I have long since felt an indifference towards New Year's eve though I am not entirely sure why. I've always felt a bit down and mopey on the night.
Now, I am afraid I am beginning to habour similar feelings towards Christmas. I did get into the festive mood on occasion but largely I have found it to be more of a chore this year...finding gifts, wrapping gifts, the usual things you are supposed to do at this time of the year...My heart just was not in it.
This is our second Christmas without Patrick and it has been much tougher than the first. Perhaps having Eoghan helped soften that blow of facing special occasions like this without Patrick last year.
But as cute as he is, Eoghan was never going to be able to shield me from this forever.
Truth be known, I ve been miserable. And feeling very guilty about it, too.
Because I know we have a lot to be grateful for. Thankfully, I am still able to see that. I am glad that the cat turned up eventually. As we got him just as we were expecting Patrick, and because we have seen him bond with Patrick and not leave the room the night of the wake, we are extremely, extremely attached to Tipoki.
So I know I should concentrate on those small things but sometimes it is not as easy to just go and do what you know you should.
It has been difficult for me to figure out how to best include Patrick in the festivities because I would hate for him to be slipping from peoples minds especially at this time. There are things we do already, like our family photo decorations on the tree and visiting the grave Christmas Day. But somehow I feel this is not enough and he deserves more.

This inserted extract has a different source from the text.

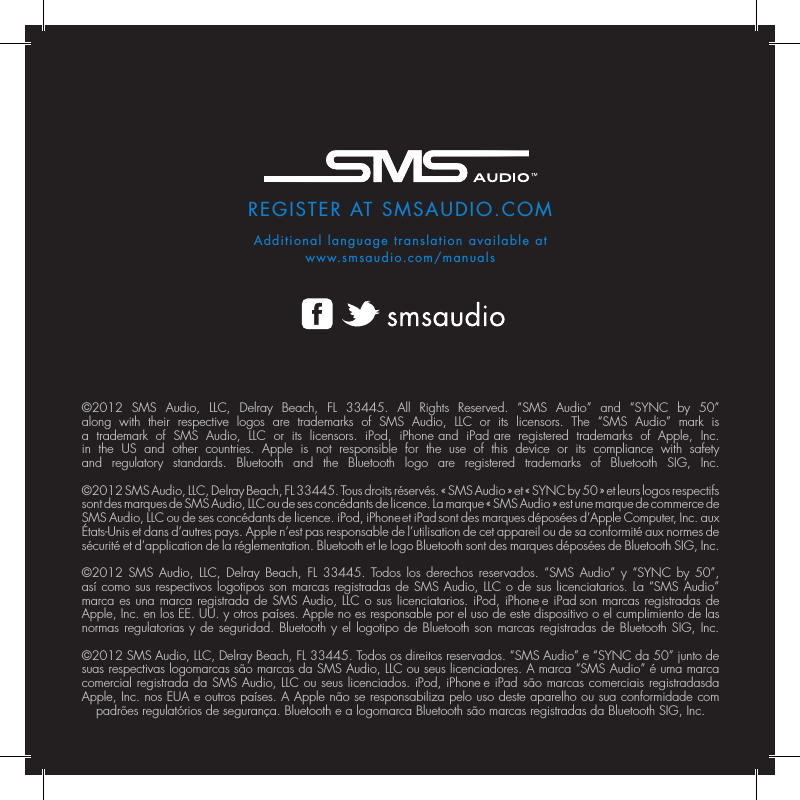 REGISTER AT SMSAUDIO.COMAdditional language translation available atwww.smsaudio.com/manuals&copy;2012 SMS Audio, LLC, Delray Beach, FL 33445. All Rights Reserved. &ldquo;SMS Audio&rdquo; and &ldquo;SYNC by 50&rdquo; along with their respective logos are trademarks of SMS Audio, LLC or its licensors. The &ldquo;SMS Audio&rdquo; mark is a trademark of SMS Audio, LLC or its licensors. iPod, iPhone and iPad are registered trademarks of Apple, Inc. in the US and other countries. Apple is not responsible for the use of this device or its compliance with safety and regulatory standards. Bluetooth and the Bluetooth logo are registered trademarks of Bluetooth SIG, Inc.  &copy;2012 SMS Audio, LLC, Delray Beach, FL 33445. Tous droits r&eacute;serv&eacute;s. &laquo; SMS Audio &raquo; et &laquo; SYNC by 50 &raquo; et leurs logos respectifs sont des marques de SMS Audio, LLC ou de ses conc&eacute;dants de licence. La marque &laquo; SMS Audio &raquo; est une marque de commerce de SMS Audio, LLC ou de ses conc&eacute;dants de licence. iPod, iPhone et iPad sont des marques d&eacute;pos&eacute;es d&rsquo;Apple Computer, Inc. aux &Eacute;tats-Unis et dans d&rsquo;autres pays. Apple n&rsquo;est pas responsable de l&rsquo;utilisation de cet appareil ou de sa conformit&eacute; aux normes de s&eacute;curit&eacute; et d&rsquo;application de la r&eacute;glementation. Bluetooth et le logo Bluetooth sont des marques d&eacute;pos&eacute;es de Bluetooth SIG, Inc.  &copy;2012 SMS Audio, LLC, Delray Beach, FL 33445. Todos los derechos reservados. &ldquo;SMS Audio&rdquo; y &ldquo;SYNC by 50&rdquo;, as&iacute; como sus respectivos logotipos son marcas registradas de SMS Audio, LLC o de sus licenciatarios. La &ldquo;SMS Audio&rdquo; marca es una marca registrada de SMS Audio, LLC o sus licenciatarios. iPod, iPhone e iPad son marcas registradas de Apple, Inc. en los EE.UU. y otros pa&iacute;ses. Apple no es responsable por el uso de este dispositivo o el cumplimiento de las normas regulatorias y de seguridad. Bluetooth y el logotipo de Bluetooth son marcas registradas de Bluetooth SIG, Inc.  &copy;2012 SMS Audio, LLC, Delray Beach, FL 33445. Todos os direitos reservados. &ldquo;SMS Audio&rdquo; e &ldquo;SYNC da 50&rdquo; junto de suas respectivas logomarcas s&atilde;o marcas da SMS Audio, LLC ou seus licenciadores. A marca &ldquo;SMS Audio&rdquo; &eacute; uma marca comercial registrada da SMS Audio, LLC ou seus licenciados. iPod, iPhone e iPad  s&atilde;o marcas comerciais registradasda Apple, Inc. nos EUA e outros pa&iacute;ses. A Apple n&atilde;o se responsabiliza pelo uso deste aparelho ou sua conformidade com padr&otilde;es regulat&oacute;rios de seguran&ccedil;a. Bluetooth e a logomarca Bluetooth s&atilde;o marcas registradas da Bluetooth SIG, Inc.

As one of my very thoughtful friends pointed out, there are so many gifts being given...Patrick should have one too and placed on his grave. So maybe we should get him a small gift every year. And make sure Santa brings one to Eoghan from Patrick, too so that, while they were not allowed grow up with each other, a bond of sorts will be forged...
I am sure we will find our way on this path yet but it is proving bloody difficult.
They say the second year is much harder than the first. Boy, do I hope that is true.